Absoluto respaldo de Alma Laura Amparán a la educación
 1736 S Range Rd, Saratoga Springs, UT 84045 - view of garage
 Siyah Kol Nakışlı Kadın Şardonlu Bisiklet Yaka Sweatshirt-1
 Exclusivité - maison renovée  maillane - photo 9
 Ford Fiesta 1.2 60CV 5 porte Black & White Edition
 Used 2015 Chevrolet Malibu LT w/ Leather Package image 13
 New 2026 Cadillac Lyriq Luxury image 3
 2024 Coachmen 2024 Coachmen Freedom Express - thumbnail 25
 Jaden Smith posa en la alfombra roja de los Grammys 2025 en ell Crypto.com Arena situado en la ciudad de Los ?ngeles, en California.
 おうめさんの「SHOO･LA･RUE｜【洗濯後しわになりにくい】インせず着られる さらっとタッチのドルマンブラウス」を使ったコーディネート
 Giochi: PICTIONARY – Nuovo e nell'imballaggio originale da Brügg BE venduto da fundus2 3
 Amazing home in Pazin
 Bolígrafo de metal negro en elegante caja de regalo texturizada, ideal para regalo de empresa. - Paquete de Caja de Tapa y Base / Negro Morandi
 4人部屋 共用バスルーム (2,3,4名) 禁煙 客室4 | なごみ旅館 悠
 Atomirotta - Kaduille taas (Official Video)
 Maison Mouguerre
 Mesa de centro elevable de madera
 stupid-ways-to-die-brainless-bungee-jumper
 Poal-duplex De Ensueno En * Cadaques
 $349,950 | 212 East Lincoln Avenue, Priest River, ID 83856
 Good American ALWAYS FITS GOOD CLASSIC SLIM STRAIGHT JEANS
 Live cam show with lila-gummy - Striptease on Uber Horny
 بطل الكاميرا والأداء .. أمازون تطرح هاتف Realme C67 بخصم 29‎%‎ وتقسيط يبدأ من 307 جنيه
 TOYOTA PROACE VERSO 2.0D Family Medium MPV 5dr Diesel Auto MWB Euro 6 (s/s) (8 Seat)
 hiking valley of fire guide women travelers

[ASSIGNMENT] The data above needs retyping. Reproduce each line exactly.

[RESPONSE TO THE TASK]
Absoluto respaldo de Alma Laura Amparán a la educación
 1736 S Range Rd, Saratoga Springs, UT 84045 - view of garage
 Siyah Kol Nakışlı Kadın Şardonlu Bisiklet Yaka Sweatshirt-1
 Exclusivité - maison renovée  maillane - photo 9
 Ford Fiesta 1.2 60CV 5 porte Black & White Edition
 Used 2015 Chevrolet Malibu LT w/ Leather Package image 13
 New 2026 Cadillac Lyriq Luxury image 3
 2024 Coachmen 2024 Coachmen Freedom Express - thumbnail 25
 Jaden Smith posa en la alfombra roja de los Grammys 2025 en ell Crypto.com Arena situado en la ciudad de Los ?ngeles, en California.
 おうめさんの「SHOO･LA･RUE｜【洗濯後しわになりにくい】インせず着られる さらっとタッチのドルマンブラウス」を使ったコーディネート
 Giochi: PICTIONARY – Nuovo e nell'imballaggio originale da Brügg BE venduto da fundus2 3
 Amazing home in Pazin
 Bolígrafo de metal negro en elegante caja de regalo texturizada, ideal para regalo de empresa. - Paquete de Caja de Tapa y Base / Negro Morandi
 4人部屋 共用バスルーム (2,3,4名) 禁煙 客室4 | なごみ旅館 悠
 Atomirotta - Kaduille taas (Official Video)
 Maison Mouguerre
 Mesa de centro elevable de madera
 stupid-ways-to-die-brainless-bungee-jumper
 Poal-duplex De Ensueno En * Cadaques
 $349,950 | 212 East Lincoln Avenue, Priest River, ID 83856
 Good American ALWAYS FITS GOOD CLASSIC SLIM STRAIGHT JEANS
 Live cam show with lila-gummy - Striptease on Uber Horny
 بطل الكاميرا والأداء .. أمازون تطرح هاتف Realme C67 بخصم 29‎%‎ وتقسيط يبدأ من 307 جنيه
 TOYOTA PROACE VERSO 2.0D Family Medium MPV 5dr Diesel Auto MWB Euro 6 (s/s) (8 Seat)
 hiking valley of fire guide women travelers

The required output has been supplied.